Smart Card Standards and Specifications
A number of standards and specifications are relevant for smart card implementations, with some focused on industry-specific applications. A summary of the standards bodies and different smart card standards and specifications is presented below.
ISO/IEC is one of the worldwide standard-setting bodies for technology, including plastic cards. The primary standards for smart cards are ISO/IEC 7816, ISO/IEC 14443, ISO/IEC 15693 and ISO/IEC 7501.
- ISO/IEC 7816 is a multi-part international standard broken into fourteen parts. ISO/IEC 7816 Parts 1, 2 and 3 deal only with contact smart cards and define the various aspects of the card and its interfaces, including the card’s physical dimensions, the electrical interface and the communications protocols. ISO/IEC 7816 Parts 4, 5, 6, 8, 9, 11, 13 and 15 are relevant to all types of smart cards (contact as well as contactless). They define the card logical structure (files and data elements), various commands used by the application programming interface for basic use, application management, biometric verification, cryptographic services and application naming. ISO/IEC 7816 Part 10 is used by memory cards for applications such as pre-paid telephone cards or vending machines. ISO/IEC 7816 Part 7 defines a secure relational database approach for smart cards based on the SQL interfaces (SCQL).
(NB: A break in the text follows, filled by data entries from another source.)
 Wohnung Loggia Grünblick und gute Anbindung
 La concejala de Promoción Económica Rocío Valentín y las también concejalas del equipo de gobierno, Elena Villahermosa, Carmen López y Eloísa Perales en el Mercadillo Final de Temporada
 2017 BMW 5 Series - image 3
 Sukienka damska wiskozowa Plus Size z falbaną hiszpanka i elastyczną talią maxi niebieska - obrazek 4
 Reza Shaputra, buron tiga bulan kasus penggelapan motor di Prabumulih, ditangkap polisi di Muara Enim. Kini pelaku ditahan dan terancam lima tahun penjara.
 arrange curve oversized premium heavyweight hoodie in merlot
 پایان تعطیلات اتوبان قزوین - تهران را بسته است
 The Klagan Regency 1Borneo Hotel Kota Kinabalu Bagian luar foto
- ISO/IEC 14443 is an international standard that defines the interfaces to a “close proximity” contactless smart card, including the radio frequency (RF) interface, the electrical interface, and the communications and anti-collision protocols. ISO/IEC 14443 compliant cards operate at 13.56 MHz and have an operational range of up to 10 centimeters (3.94 inches). ISO/IEC 14443 is the primary contactless smart card standard being used for transit, financial, and access control applications. It is also used in electronic passports and in the FIPS 201 PIV card.
- ISO/IEC 15693 describes standards for “vicinity” cards. Specifically, it establishes standards for the physical characteristics, radio frequency power and signal interface, and anticollision and transmission protocol for vicinity cards that operate to a maximum of 1 meter (approximately 3.3 feet).
- ISO/IEC 7501 describes standards for machine-readable travel documents and has made a clear recommendation on smart card topology.
While not a smart card standard, the Near Field Communication (NFC) standard, ISO/IEC 18092, is an important contactless technology standard that is expected to be integrated into mobile phones and other devices.
- ISO/IEC 18092 (also ECMA-340) defines communication modes for Near Field Communication Interface and Protocol (NFCIP-1) using inductive coupled devices operating at the center frequency of 13,56 MHz for interconnection of computer peripherals. ISO/IEC 18092 allows backward compatibility with existing contactless devices by supporting ISO/IEC 14443 Type A, and the Japanese Industrial Standard (JIS) X 6319-4 (also known as FeliCa, see Section 126.96.36.199) contactless interface protocols.
- The NFC Forum defines NFC tag formats, data record formats, and other technical specifications to ensure interoperability among devices and services.
In addition, ISO/IEC 24727 is a multi-part standard aimed at achieving interoperability among various smart card systems. The goal is to provide the necessary interfaces and services to enable interoperability among divergent systems, with a particular focus on identification, authentication, and signature services, and removing the dependence on vendor specific implementations. ISO/IEC 24727 is a set of programming interfaces for interactions between integrated circuit cards (ICCs) and external applications, including generic services for multi-sector use. The organization and the operation of the ICC conform to ISO/IEC 7816-4.
As a result of Homeland Security Presidential Directive 12 (HSPD-12), issued by President George W. Bush on August 27, 2004, NIST published Federal Information Processing Standard Publication 201 (FIPS 201), Personal Identity Verification (PIV) of Federal Employees and Contractors, on February 25, 2005. FIPS 201 provides the specifications for a standard Federal smart ID card, called the PIV card, that must be used for both physical and logical access and can be used for other applications as determined by individual agencies. The PIV card is a smart card with both contact and contactless interfaces. Government agencies are currently implementing FIPS 201-compliant systems.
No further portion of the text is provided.